Title: The role of interior watershed processes in improving parameter estimation and performance of watershed models

item YEN, HAW - Texas Agrilife Research
item BAILEY, RYAN - Colorado State University
item ARABI, MAZDAK - Colorado State University
item AHMADI, MEHDI - Colorado State University
item White, Michael
item Arnold, Jeffrey

Submitted to: Journal of Environmental Quality
Publication Type: Peer Reviewed Journal
Publication Acceptance Date: 4/1/2013
Publication Date: 8/24/2014
Publication URL:
Citation: Yen, H., Bailey, R.T., Arabi, M., Ahmadi, M., White, M.J., Arnold, J.G. 2014. The role of interior watershed processes in improving parameter estimation and performance of watershed models. Journal of Environmental Quality. 43:1601-1613.
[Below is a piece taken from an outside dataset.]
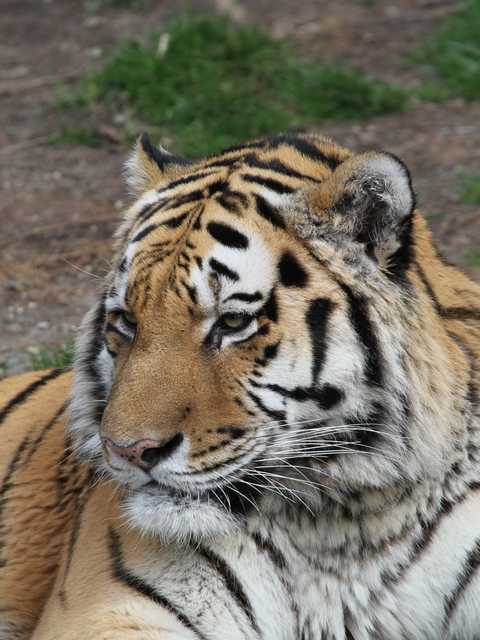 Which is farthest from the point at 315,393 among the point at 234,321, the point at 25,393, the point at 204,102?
the point at 204,102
Interpretive Summary: Watershed models are typically evaluated only through comparison with measured data, with little attention paid to the “reasonableness” of internal model processes which govern its predictions. Circumstances may arise in which the model appears mimic measured data well, but is internally incorrect. In this study, rules of thumb are used to constrain internal model processes while also matching available in-stream measured data. Results show that a model can meet these constrains while matching in-stream data. Without these additional constraints, predicted nutrient abatement strategies could be misleading, even with a model that seems to perform well using traditional criteria.

Technical Abstract: Watershed models typically are evaluated solely through comparison of in-stream water and nutrient fluxes with measured data using established performance criteria, whereas processes and responses within the interior of the watershed that govern these global fluxes often are neglected. Due to the large number of parameters at the disposal of these models, circumstances may arise in which excellent global results are achieved using inaccurate magnitudes of these “intra-watershed” responses. When used for scenario analysis, a given model hence may inaccurately predict the global, in-stream effect of implementing land-use practices at the interior of the watershed. In this study, data regarding internal watershed behavior are used to constrain parameter estimation to maintain realistic intra-watershed responses while also matching available in-stream monitoring data. The methodology is demonstrated for the Eagle Creek Watershed in central Indiana, USA. Streamflow and nitrate (NO3) loading are used as global in-stream comparisons, with two processes, the annual mass of denitrification and the ratio of NO3 losses from subsurface and surface flow, used to constrain parameter estimation. Results show that imposing these constraints not only yields realistic internal watershed behavior, but also provides good in-stream comparisons. Results further demonstrate that in the absence of incorporating intra-watershed constraints, evaluation of nutrient abatement strategies could be misleading, even though typical performance criteria are satisfied. Incorporating intra-watershed responses yields a watershed model that more accurately represents the observed behavior of the system, and hence a tool that can be used with confidence in scenario evaluation.